Data extracted from a collection
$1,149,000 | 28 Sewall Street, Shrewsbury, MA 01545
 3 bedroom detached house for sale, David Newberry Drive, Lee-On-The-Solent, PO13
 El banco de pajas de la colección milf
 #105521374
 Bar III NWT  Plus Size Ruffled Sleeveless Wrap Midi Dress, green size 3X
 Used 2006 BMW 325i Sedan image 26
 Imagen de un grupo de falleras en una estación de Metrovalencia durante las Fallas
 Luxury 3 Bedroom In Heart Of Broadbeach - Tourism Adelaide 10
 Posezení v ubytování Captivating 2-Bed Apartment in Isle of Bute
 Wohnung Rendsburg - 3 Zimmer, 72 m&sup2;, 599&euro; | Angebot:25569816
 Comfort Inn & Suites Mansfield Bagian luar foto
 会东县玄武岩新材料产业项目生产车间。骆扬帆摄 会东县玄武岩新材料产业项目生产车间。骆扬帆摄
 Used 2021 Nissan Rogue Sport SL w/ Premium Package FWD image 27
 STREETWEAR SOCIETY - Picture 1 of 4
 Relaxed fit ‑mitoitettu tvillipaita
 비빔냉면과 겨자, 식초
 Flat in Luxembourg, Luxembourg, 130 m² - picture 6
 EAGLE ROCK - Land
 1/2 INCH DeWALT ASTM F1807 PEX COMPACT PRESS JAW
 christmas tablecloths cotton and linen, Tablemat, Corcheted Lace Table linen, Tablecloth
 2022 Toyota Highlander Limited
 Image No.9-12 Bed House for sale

• Aim of the exercise: Each line from the one containing "EAGLE ROCK - Land" through the final line of the records must be repeated exactly, with no line added or dropped.

• Answer to this task:
 EAGLE ROCK - Land
 1/2 INCH DeWALT ASTM F1807 PEX COMPACT PRESS JAW
 christmas tablecloths cotton and linen, Tablemat, Corcheted Lace Table linen, Tablecloth
 2022 Toyota Highlander Limited
 Image No.9-12 Bed House for sale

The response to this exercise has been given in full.